Following the meeting between Zoran Zaev and Hristijan Mickoski, the VMRO-DPMNE leader said that he demanded guarantees from the Government that the coming presidential elections will be free and fair. Mickoski said that VMRO will not accept electoral fraud of the kind that was going on during the September 2018 referendum.

 There are needless job openings in the public sector, public transfers toward target groups of voters which are asked to support the ruling coalition nominee, we saw how electoral stations reported that voters voted in record breaking times of 2.4 seconds each and had turnouts of 95 percent. We pointed to these stations which had irregularities during the referendum. Whether Macedonia will receive the recommendation to open EU accession talks will depend on the conduct of the elections. Besides, there is a first round of voting, but also a second round, and much will depend on how the Government organizes the elections, Mickoski said, stopping just short of threatening that VMRO will boycott the second round of voting if mass irregularities happen during the first round.

Zaev refused to hold early general elections along with the presidential vote which would’ve meant greater guarantees of fair conduct, including having opposition officials lead some of the most easily abused Government departments. During the meeting held in the Government building this evening, and given the climate of political persecution of critical voices in the country, Mickoski asked that the opposition is allowed to appoint the Public Prosecutor, as a move which would reduce the high level of politically motivated arrests. Zaev said that he refused this request, even though it is part of the platform of his SDSM party, because he considers VMRO-DPMNE not suitable as an opposition party to appoint the Public Prosecutor.

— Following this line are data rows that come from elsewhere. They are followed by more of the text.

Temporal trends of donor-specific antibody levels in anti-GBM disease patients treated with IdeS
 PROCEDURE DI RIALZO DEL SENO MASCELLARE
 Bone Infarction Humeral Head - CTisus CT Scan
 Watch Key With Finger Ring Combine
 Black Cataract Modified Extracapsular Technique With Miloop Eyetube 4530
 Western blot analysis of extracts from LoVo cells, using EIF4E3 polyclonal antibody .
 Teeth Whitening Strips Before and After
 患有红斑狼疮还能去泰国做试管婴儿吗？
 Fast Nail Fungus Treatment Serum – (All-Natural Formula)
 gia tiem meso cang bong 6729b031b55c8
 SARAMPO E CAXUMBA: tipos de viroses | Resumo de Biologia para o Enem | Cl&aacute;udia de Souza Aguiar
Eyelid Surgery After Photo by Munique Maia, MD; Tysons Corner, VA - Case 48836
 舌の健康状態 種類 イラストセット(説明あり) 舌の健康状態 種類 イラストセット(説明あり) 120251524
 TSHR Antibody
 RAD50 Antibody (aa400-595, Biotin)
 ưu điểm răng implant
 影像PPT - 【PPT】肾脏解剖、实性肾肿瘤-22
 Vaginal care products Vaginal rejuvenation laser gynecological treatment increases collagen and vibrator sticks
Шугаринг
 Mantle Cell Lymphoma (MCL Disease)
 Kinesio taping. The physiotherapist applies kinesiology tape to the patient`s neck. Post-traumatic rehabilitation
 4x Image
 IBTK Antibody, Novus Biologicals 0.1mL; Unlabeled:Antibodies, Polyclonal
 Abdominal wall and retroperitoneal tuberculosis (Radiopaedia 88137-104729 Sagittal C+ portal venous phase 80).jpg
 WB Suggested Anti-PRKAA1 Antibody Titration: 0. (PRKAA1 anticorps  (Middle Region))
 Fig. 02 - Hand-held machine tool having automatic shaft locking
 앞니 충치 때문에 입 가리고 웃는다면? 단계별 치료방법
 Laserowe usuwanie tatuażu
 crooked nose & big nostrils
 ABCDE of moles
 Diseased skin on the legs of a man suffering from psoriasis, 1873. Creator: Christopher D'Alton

Still, Zaev asked VMRO for support in another process which will affect the EU decision this summer – the transformation of the Special Prosecutor’s Office into a permanent institution.

Mickoski said that the current special prosecutor Katica Janeva, who is widely seen as loyalist of Zaev’s SDSM party, lost all credibility to run the institution. According to Mickoski, VMRO could support making the SPO office permanent, but under a different team. Mickoski also pointed out that he received the text of the draft law last Thursday, and the party had no time to analyze it. One of the opposition requests is to use this department to investigate other major corruption cases, not just the narrow time frame which Zoran Zaev set in 2015. Mickoski named the dubious privatization of the state owned ESM energy company, the Deutche Telekom purchase of the Macedonian Telekom and other cases related to SDSM or parties now close to SDSM.

You are welcome to investigate me and the property of my family, provided that afterwards we investigate Zaev, Mickoski said.

Zaev responded that he trusts Katica Janeva and her team, and will support them remaining in place.